See our documentation here.

  • Windows 10 is configured out of the box with an initial RTO of 1 second and 4 Syn Retransmits:

    • Initial SYNat 0s
    • First retransmit at 1s
    • Second retransmit at 3s
    • Third retransmit at 7s
    • Fourth retransmit at 15s
    • Final timeout at 21 seconds. (Based on the RTO logic it should time out at 31s so this behavior is a little unclear)
  • Linux is configured with an initial RTO of 1 second and 6 SYN Retransmits which results in a much longer total timeout:

    • Initial SYN at 0s
    • First retransmit at 1s
    • Second retransmit at 3s
    • Third retransmit at 7s
    • Fourth retransmit at 15s
    • Fifth retransmit at 31s
    • Sixth retransmit at 63s
    • Final timeout at 127 seconds.

Below is a table depicting the timing of each retransmission and the final timeout for each OS. Note that for each column the last value is when it times out completely (returns the [50005] error). The values before that represent when each SYN retransmit is sent. Windows 10 should give up at 31s, but gives up at 21s (unclear why).

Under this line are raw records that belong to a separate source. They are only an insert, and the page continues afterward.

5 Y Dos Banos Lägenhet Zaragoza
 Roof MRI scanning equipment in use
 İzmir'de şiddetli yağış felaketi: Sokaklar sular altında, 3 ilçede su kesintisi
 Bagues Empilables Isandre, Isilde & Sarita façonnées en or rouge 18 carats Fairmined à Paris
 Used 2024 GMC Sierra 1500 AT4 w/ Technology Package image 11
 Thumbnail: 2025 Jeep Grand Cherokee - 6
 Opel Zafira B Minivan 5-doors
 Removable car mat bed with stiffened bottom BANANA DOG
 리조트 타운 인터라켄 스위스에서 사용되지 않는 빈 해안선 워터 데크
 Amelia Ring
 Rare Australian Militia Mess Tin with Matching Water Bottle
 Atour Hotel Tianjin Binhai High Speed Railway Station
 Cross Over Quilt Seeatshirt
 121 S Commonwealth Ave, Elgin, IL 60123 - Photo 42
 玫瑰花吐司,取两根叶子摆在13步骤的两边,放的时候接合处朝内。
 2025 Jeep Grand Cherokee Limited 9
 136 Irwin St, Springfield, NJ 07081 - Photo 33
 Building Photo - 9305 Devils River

Screen_Shot_2021-06-21_at_9.49.21_AM.png
Table 1: All retransmit times are in seconds.

Catchpoint Issues Related to This OS Difference

Catchpoint’s default test timeout period is currently 30 seconds, which is greater than the Windows TCP timeout period of 21 seconds, but much shorter than the Linux TCP timeout of 127 seconds. As a result, when there are connectivity issues to the target server from a Linux node, Catchpoint almost never fails with a TCP Connection timeout. Instead, we will fail with [50005] - "Request exceeded the maximum allowed response time". In addition, because of how Chrome and other clients require our monitors to work, it might not be clear to users that the timeout occurred because the TCP handshake could not be completed within 30 seconds. This can create confusion for the user, triggering support tickets and investigations to figure out what happened. This is usually a waste of time and effort as the issue is almost always the result of a failed TCP handshake.

Proposed Solution

Catchpoint has announced EOL of Windows support and is in the process of migrating all our nodes to Linux. As part of this process,we should address this timeout issue by adjusting the TCP settings in Linux such that it will be clear when a Test timeout is the result of a failed TCP handshake.

We plan to keep the initial RTO setting of 1 second, as changing this could adversely impact other TCP logic. We will reduce the SYN Retransmit counter to 3. The result of this change is that the OS will give up at 15 seconds, having sent a total of 4 SYN packets without receiving a SYN ACK.

Screen_Shot_2021-06-21_at_9.49.33_AM.png

Table 2: All retransmit times are in seconds.